今の出来事のお陰で涙が止まったアリシアは今度は青信号になってから歩道を渡り、またブラブラと町中を歩く。
「ママー?またあの人、お姫様みたい、でも服破れてる・・・」
「そうねー」
「・・・」
前から歩いて来て隣を通り過ぎた親子の会話を聞いたアリシアは自分の服を見て破れているのに気付く、異世界で魔法を使っているのを見られるのはマズイだろうと思ったアリシアは物陰に入ると、魔法で服を先程の親子の母親の方が着ていた、Tシャツとジーンズと言う格好に変えた。
「これで良しと」
この格好ならこの世界でも違和感がないだろう、そう判断したアリシアは道を行き都市部に出た、そこには沢山の車と人々、アリシアは初めて見る異世界の都市部に驚き、呆然と見つめる。
(私の世界とこんなに違うものなんだ・・・)
異世界観光を楽しみ始めているアリシアは、楽しげな様子で町を歩く。
ワールドセイバー地球支部近く
地球支部に用があった愛理は支部から出る、その用とは未来のアリシアの心臓の件について聞く事だ、しかし何も進んでいないと言われた愛理は少し落ち込みながら支部から出ると、アリシアが歩いていた。
「!?」
愛理は思わず二度見する、愛理の視線に気付いたアリシアは愛理を見て固まる、その理由は最大の敵と出くわしたからだ。
「何をしてるの?」
愛理はアリシアに近付くと何をしているのか聞いた、アリシアは仕方なしにこの世界にいる理由を話した。
「そっか・・・負けたんだ、それで復活する為にこの世界にいる未来のアリシアの血を貰って復活したんだね、体、大丈夫?」
「ええ、問題ないわ」
「そっか、なら良かった」
とある店を見つけた愛理はアリシアを手招きする、アリシアは首を傾げてから愛理について行く。

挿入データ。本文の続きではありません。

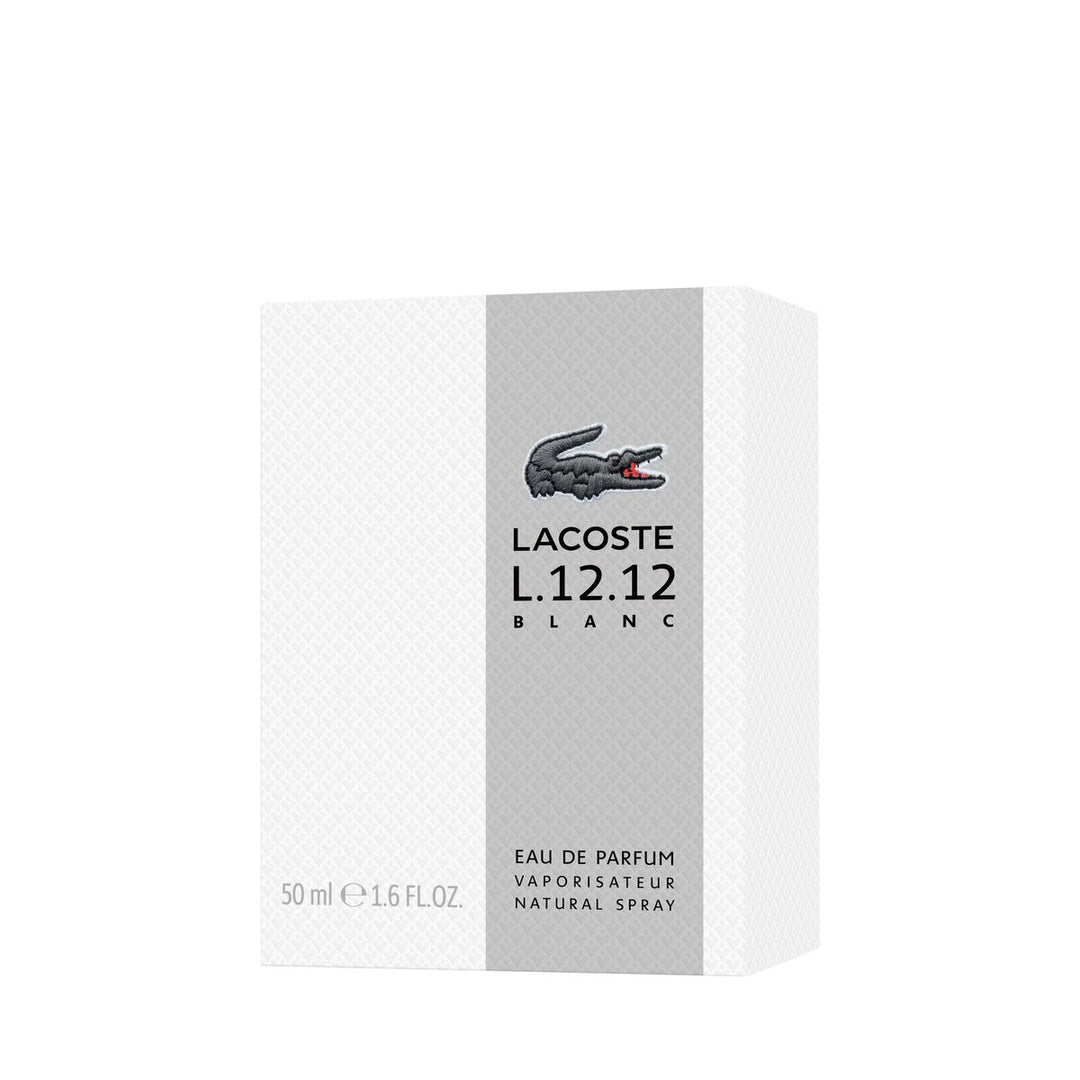 Lacoste L.12.12 Blanc 50 ml | Eau de Parfum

「ここのホットドッグのお店はさ、何代にも渡って続いてるお店なんだ、私のお婆ちゃんも通ってたお店なんだよ?」
「それがどうかしたの?」
「なんでもないさ、ただあなたに美味しいものを食べて欲しいなって思ってね、おじさん二つお願い」
「はいよ」
ホットドッグ屋の店主は注文通り二つのホットドッグを愛理に手渡す、受け取った愛理は片方をアリシアに渡す。
「さっ、食べよう?」
「ええ」
アリシアはホットドッグを一口食べ目を見開く、たしかにとても美味しいのだ。
「えへへ、美味しいでしょう?」
「ふ、フン!、こんな物、私の城のシェフなら!」
「意地っ張りだなぁ」
意地を張るアリシアをクスクスと笑った愛理は美味しそうにホットドッグを食べる、アリシアもホットドッグを食べ進めあっという間に食べ終わった。
「アリシア、一つだけ言っておくね?」
「何よ」
「君は独りじゃないよ」
「・・・、違うわ、私は独りよ、小さい頃からずっとね」
そう言ったアリシアの瞳は暗い。
「本当にそう?、じゃあ君が思ってるアルムスって人への想いは嘘なんだ、好きじゃないんだね?、それにアイリーンやニアって子も好きじゃないのにあなたの娘にしたんだね?、」
「・・・、好きよ、アルムスの事もアイリーンの事もニアの事も・・・、それでもどれだけ好きだと想っても私の中の寂しさは消えないの、どうやっても・・・」
「そっか・・・」
愛理は寂しそうに俯くアリシアを抱きしめる、アリシアは嫌がりはせず愛理を受け入れた。
「ねぇ・・・師匠、私、どうしたら良いの?、分からないよ・・・」
愛理に抱きしめられるアリシアはまた泣き始める、その姿は幼い子供のようだ。
「そうだねぇ、君を想ってくれるみんなを受け入れれば良いんじゃないかなぁ」
「・・・、それってつまり、メアを受け入れろって言っているの?、私を裏切ったアイツを?」
「うん」
「そんなの無理よ・・・」
先程、メアに抱きしめられていた時、アリシアの中には確かにメアを受け入れても良いかもしれないと言う気持ちはあった、しかしすぐにホテルの中での会話がフラッシュバックし、その想いは憎しみの炎に焼かれて消え失せてしまった、だからこそアリシアは思う自分にメアを受け入れる事なんて無理だと。
(この子を救えるのはやっぱりメアだ、その為にはこの子がメアを許せるようにしてあげないといけない、でもどうすれば良いのかな・・・、私にもまだ分からないな・・・)
愛理は涙を流すアリシアを抱きしめながら、アリシアがメアを許せるようになる方法を考える。
レベンと愛理の家
愛理はアリシアの手を引き、家に戻って来た。
「お帰りなさい、アリシア」
メアが一番にアリシアを出迎える。
「帰るわよメア、ノースフィアを放っておかないわ」
アリシアはメアに手を差し出し帰ると言った。
「はい」
メアはその手を取り二人は手を繋ぐ、メアはアリシアと手を繋げたそれだけでも嬉しく思う。
「師匠、今日はありがとう」
「うん、いつでもおいで」
「うん」
愛理は礼を言ってくるアリシアに近付くと頭を撫でる、アリシアは愛理に撫でられて柔らかく微笑むと、メアと共に転移して行った。